# Thresholding Group Analyses

*Written by Luke Chang*

The primary goal in fMRI data analysis is to make inferences about how the brain processes information. These inferences can be in the form of predictions, but most often we are testing hypotheses about whether a particular region of the brain is involved in a specific type of process. This requires rejecting a $H_0$ hypothesis (i.e., that there is no effect). Null hypothesis testing is traditionally performed by specifying contrasts between different conditions of an experimental design and assessing if these differences between conditions are reliably present across many participants. There are two main types of errors in null-hypothesis testing.

*Type I error*

- $H_0$ is true, but we mistakenly reject it (i.e., False Positive)
- This is controlled by significance level $\alpha$.

*Type II error*

- $H_0$ is false, but we fail to reject it (False Negative)

The probability that a hypothesis test will correctly reject a false null hypothesis is described as the *power* of the test.

Hypothesis testing in fMRI is complicated by the fact that we are running many tests across each voxel in the brain (hundreds of thousands of tests). Selecting an appropriate threshold requires finding a balance between sensitivity (i.e., true positive rate) and specificity (i.e., false negative rate). There are two main approaches to correcting for multiple tests in fMRI data analysis. *Familywise Error Rate* (FWER) attempts to control the probability of finding *any* false positives. Mathematically, FWER can be defined as the probability $P$ of observing any false positive ${FWER} = P({False Positives}\geq 1)$. While, *False Discovery Rate* (FDR) attempts to control the proportion of false positives among rejected tests. Formally, this is the expected proportion of false positive to the observed number of significant tests ${FDR} = E(\frac{False Positives}{Significant Tests})$.

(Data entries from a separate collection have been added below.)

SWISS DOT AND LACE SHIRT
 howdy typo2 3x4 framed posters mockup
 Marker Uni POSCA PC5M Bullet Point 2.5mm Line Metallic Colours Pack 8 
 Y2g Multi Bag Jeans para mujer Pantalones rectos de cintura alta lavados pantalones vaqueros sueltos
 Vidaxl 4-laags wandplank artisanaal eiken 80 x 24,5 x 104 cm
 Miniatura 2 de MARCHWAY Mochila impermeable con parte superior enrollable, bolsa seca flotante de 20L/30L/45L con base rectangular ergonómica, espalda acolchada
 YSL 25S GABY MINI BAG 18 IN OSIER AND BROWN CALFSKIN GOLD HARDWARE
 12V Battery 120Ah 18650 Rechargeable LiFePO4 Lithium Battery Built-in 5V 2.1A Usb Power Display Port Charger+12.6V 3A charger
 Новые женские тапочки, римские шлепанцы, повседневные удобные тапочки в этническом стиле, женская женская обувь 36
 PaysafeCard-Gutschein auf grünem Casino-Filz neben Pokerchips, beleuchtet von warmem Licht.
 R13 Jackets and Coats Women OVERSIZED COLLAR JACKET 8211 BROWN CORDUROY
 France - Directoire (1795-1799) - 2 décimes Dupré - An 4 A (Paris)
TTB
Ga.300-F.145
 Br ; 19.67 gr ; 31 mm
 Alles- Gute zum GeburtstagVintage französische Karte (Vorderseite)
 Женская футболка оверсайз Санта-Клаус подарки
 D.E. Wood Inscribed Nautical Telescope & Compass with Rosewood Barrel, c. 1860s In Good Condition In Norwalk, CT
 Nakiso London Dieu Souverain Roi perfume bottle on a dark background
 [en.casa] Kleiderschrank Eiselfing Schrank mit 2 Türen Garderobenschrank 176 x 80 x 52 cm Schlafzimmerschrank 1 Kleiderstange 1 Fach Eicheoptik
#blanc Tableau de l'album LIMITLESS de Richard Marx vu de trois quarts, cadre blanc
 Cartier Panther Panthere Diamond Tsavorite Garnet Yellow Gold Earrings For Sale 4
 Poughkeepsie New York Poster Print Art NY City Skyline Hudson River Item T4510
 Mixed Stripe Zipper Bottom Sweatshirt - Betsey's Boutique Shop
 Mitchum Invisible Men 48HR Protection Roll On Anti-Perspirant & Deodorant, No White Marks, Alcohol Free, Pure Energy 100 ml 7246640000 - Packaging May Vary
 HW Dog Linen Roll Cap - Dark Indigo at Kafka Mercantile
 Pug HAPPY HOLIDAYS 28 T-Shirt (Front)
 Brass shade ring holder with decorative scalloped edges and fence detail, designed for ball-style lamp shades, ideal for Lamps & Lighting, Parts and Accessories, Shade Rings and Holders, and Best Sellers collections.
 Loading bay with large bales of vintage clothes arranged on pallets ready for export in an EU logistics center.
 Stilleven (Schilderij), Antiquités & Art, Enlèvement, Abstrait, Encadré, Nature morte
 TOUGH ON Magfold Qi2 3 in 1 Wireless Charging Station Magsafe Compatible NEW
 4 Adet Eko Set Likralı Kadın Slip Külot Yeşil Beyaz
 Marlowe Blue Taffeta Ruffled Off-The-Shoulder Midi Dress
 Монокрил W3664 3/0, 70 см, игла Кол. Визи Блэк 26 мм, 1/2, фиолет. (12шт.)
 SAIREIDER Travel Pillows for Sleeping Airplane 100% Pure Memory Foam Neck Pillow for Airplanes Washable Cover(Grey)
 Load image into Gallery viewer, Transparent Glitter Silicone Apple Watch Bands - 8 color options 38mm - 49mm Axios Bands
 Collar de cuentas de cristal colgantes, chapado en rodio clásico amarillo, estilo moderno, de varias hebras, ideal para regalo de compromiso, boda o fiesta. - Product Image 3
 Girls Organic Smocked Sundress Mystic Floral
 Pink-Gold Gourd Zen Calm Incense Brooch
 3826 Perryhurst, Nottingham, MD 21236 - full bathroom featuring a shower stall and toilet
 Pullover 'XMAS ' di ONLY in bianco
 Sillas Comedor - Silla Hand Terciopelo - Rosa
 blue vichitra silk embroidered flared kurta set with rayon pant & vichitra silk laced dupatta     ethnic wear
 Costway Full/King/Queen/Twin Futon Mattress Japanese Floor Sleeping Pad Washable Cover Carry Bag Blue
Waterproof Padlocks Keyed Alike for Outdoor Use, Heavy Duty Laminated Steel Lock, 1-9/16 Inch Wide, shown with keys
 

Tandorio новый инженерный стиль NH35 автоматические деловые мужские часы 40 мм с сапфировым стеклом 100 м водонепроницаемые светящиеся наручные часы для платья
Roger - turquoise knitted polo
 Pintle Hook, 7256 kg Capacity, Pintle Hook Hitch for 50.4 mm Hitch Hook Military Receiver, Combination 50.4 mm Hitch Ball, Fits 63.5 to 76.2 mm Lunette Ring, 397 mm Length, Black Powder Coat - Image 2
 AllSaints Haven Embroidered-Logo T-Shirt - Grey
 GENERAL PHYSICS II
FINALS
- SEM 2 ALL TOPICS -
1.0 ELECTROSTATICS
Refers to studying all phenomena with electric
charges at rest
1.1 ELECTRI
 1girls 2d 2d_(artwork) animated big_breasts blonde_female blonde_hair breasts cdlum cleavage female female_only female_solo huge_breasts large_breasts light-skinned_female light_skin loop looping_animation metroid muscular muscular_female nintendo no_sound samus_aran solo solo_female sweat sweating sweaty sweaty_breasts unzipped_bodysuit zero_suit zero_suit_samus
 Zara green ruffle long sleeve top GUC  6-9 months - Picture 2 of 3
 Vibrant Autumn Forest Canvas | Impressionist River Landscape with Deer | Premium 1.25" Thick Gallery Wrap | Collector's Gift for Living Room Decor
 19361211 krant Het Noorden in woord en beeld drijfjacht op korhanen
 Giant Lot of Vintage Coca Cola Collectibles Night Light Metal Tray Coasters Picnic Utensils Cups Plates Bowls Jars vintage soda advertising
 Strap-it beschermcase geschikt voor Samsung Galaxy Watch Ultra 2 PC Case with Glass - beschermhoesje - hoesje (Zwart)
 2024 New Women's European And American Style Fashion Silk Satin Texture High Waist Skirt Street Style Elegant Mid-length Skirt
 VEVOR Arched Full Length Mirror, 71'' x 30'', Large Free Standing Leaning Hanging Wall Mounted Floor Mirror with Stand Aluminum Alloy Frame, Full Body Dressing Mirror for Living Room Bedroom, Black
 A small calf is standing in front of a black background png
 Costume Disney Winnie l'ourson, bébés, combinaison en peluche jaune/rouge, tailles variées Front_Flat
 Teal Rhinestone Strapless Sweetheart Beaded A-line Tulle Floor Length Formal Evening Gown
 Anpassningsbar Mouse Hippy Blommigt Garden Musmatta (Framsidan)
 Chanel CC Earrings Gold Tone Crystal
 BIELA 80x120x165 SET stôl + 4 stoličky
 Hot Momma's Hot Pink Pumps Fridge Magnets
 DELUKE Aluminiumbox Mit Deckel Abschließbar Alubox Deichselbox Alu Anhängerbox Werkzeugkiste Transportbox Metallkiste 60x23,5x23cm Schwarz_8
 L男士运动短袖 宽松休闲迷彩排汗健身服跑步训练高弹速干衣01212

This should probably be no surprise to anyone, but fMRI studies are expensive and inherently underpowered. Here is a simulation by Jeannette Mumford to show approximately how many participants you would need to achieve 80% power assuming a specific effect size in your contrast.

**Videos**

For a more in depth overview, I encourage you to watch these videos on correcting for multiple tests by Martin Lindquist & Tor Wager.

## Simulations

Let’s explore the concept of false positives to get an intuition about what the overall goals and issues are in controlling for multiple tests.

Let’s load the modules we need for this tutorial. We are currently including the SimulateGrid class which contains everything we need to run all of the simulations. Eventually, this will be moved into the nltools package.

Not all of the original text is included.